▶ _WHAT THE EXERCISE ASKS_
Instruction for the data below: set down exactly the lines from the line with "SG2637 Viscose Purple" to the line with "Pfalzhotel 4*", inclusive, and no others.

====== MATERIAL SHOWN ======

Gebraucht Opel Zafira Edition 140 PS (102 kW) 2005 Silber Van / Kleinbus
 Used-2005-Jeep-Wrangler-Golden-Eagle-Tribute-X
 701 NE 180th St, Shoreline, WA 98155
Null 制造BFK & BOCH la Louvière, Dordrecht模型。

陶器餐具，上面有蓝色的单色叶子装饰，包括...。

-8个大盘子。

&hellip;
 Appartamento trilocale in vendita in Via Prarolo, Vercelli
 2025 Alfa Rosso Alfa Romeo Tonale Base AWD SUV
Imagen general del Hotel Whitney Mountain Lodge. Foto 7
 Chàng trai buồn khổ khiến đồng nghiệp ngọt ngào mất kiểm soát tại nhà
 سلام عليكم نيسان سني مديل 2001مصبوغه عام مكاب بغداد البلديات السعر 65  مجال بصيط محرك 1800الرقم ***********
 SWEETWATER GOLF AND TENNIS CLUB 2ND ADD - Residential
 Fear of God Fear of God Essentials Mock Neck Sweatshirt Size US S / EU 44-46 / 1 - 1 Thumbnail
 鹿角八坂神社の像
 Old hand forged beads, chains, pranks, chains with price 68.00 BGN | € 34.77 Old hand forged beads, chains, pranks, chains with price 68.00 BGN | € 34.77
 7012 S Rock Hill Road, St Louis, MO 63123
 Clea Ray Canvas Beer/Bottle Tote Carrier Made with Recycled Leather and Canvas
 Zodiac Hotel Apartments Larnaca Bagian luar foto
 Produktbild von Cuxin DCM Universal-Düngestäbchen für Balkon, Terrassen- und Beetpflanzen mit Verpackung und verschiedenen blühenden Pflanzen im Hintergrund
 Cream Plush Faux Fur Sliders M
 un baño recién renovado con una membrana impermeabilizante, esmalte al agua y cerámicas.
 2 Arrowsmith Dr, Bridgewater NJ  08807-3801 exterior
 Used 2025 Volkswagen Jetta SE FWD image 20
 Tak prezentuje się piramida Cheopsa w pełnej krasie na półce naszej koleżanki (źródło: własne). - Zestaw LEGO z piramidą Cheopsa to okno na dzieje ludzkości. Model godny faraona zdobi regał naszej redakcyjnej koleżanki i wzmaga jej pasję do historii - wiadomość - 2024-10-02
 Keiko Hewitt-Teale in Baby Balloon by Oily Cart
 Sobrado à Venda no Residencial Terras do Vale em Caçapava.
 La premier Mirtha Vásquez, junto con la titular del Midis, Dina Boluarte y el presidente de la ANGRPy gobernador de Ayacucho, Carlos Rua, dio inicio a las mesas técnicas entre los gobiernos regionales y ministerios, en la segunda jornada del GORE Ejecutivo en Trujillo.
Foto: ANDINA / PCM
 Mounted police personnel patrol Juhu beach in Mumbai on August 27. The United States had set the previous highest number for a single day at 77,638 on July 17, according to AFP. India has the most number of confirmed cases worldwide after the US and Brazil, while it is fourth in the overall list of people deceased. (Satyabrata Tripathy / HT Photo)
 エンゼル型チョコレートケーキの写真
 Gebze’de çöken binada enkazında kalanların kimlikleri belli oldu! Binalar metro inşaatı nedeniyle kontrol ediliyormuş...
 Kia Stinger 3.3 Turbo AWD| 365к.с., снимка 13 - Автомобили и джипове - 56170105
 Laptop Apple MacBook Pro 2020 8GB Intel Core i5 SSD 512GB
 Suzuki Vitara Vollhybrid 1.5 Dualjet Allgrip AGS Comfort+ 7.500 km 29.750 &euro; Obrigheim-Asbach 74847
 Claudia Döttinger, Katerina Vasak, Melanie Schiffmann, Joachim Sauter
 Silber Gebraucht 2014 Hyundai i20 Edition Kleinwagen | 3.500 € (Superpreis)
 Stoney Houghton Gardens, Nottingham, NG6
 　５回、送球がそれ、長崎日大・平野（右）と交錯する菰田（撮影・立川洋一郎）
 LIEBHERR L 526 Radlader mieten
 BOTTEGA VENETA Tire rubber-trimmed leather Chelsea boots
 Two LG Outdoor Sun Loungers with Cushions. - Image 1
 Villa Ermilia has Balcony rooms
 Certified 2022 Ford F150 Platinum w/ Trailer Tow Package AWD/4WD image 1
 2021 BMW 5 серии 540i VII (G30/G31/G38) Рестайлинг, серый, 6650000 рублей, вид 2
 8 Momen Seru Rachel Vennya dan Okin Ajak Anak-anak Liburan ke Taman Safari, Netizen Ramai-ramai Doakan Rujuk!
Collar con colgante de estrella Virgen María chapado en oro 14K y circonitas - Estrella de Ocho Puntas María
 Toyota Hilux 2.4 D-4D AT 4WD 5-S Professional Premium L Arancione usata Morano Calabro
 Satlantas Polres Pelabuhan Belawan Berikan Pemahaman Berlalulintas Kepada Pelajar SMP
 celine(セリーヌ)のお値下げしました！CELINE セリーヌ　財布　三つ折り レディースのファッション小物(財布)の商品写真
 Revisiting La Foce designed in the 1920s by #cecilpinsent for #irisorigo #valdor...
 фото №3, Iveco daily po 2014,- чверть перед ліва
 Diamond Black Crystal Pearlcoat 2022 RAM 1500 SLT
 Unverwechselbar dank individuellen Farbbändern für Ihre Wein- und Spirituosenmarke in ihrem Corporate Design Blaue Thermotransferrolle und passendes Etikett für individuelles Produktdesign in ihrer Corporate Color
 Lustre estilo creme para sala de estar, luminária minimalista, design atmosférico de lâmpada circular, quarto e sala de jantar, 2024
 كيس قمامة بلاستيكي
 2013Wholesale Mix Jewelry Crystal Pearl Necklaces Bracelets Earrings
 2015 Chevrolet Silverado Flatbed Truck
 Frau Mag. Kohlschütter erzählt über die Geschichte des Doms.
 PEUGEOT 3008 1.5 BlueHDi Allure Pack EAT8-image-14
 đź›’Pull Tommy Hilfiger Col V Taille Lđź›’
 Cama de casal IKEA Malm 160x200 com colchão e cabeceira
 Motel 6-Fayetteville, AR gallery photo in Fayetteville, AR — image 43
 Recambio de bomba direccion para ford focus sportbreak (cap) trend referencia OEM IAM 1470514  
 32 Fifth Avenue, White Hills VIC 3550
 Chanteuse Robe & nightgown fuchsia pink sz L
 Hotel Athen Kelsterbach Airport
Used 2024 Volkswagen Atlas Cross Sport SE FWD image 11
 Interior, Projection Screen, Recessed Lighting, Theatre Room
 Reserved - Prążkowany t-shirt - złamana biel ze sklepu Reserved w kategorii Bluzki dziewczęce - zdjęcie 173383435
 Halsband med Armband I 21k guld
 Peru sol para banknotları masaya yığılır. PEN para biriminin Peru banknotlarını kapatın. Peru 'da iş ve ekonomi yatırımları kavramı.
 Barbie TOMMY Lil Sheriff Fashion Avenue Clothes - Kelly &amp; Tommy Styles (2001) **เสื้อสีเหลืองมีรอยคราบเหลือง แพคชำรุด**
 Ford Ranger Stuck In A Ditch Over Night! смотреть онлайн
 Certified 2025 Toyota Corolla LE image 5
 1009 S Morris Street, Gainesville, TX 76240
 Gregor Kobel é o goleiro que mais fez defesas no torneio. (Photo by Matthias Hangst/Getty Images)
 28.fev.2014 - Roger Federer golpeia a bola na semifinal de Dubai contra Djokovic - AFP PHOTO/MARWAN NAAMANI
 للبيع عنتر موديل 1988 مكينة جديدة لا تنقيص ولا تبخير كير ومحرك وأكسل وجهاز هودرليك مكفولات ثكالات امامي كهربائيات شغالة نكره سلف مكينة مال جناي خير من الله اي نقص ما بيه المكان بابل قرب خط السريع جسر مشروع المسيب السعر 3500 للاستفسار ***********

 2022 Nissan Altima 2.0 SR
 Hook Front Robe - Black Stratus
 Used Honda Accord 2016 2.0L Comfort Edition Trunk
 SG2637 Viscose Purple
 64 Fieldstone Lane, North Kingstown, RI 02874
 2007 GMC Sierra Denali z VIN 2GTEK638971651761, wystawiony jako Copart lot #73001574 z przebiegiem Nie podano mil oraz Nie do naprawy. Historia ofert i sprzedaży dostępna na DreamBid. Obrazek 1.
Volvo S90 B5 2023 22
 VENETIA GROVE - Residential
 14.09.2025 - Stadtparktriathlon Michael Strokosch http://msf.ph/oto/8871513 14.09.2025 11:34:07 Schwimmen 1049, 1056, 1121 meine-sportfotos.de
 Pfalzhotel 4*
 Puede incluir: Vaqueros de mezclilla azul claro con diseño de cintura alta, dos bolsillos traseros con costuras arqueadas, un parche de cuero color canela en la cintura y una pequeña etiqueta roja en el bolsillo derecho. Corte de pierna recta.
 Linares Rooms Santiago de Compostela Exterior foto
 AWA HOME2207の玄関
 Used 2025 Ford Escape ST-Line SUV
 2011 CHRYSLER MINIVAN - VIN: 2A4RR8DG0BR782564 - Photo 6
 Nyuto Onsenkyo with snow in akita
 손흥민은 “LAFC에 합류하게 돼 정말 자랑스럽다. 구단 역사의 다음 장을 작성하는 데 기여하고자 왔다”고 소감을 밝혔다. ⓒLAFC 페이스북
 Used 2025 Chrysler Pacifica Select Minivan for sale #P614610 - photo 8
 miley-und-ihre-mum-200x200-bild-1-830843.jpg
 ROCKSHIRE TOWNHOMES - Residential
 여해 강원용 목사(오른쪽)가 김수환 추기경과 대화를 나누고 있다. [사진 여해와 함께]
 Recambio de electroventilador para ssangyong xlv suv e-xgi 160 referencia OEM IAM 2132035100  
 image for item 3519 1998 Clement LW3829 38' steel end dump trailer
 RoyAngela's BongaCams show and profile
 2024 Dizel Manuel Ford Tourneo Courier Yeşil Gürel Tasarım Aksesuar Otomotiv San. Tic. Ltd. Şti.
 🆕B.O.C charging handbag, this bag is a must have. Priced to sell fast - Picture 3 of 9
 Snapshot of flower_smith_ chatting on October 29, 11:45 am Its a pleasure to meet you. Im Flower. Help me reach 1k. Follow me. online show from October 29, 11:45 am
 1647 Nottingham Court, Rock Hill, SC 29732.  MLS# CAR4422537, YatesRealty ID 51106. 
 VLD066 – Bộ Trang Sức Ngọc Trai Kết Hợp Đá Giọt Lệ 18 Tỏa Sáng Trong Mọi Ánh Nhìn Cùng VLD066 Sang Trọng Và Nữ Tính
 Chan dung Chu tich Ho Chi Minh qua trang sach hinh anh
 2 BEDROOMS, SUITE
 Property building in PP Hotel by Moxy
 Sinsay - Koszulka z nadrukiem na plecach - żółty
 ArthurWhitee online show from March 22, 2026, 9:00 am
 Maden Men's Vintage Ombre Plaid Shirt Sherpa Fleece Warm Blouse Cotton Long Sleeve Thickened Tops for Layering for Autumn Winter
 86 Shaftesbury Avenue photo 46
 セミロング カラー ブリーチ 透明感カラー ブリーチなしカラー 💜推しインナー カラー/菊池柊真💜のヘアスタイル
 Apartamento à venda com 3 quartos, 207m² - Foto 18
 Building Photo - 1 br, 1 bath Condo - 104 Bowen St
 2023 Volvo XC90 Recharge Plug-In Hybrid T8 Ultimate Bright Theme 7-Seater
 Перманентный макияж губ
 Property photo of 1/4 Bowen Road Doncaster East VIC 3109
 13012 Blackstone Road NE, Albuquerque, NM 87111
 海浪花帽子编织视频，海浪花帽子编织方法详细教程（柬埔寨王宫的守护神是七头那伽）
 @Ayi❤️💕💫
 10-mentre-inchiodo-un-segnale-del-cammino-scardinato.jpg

======

▶ _RESPONSE_
 SG2637 Viscose Purple
 64 Fieldstone Lane, North Kingstown, RI 02874
 2007 GMC Sierra Denali z VIN 2GTEK638971651761, wystawiony jako Copart lot #73001574 z przebiegiem Nie podano mil oraz Nie do naprawy. Historia ofert i sprzedaży dostępna na DreamBid. Obrazek 1.
Volvo S90 B5 2023 22
 VENETIA GROVE - Residential
 14.09.2025 - Stadtparktriathlon Michael Strokosch http://msf.ph/oto/8871513 14.09.2025 11:34:07 Schwimmen 1049, 1056, 1121 meine-sportfotos.de
 Pfalzhotel 4*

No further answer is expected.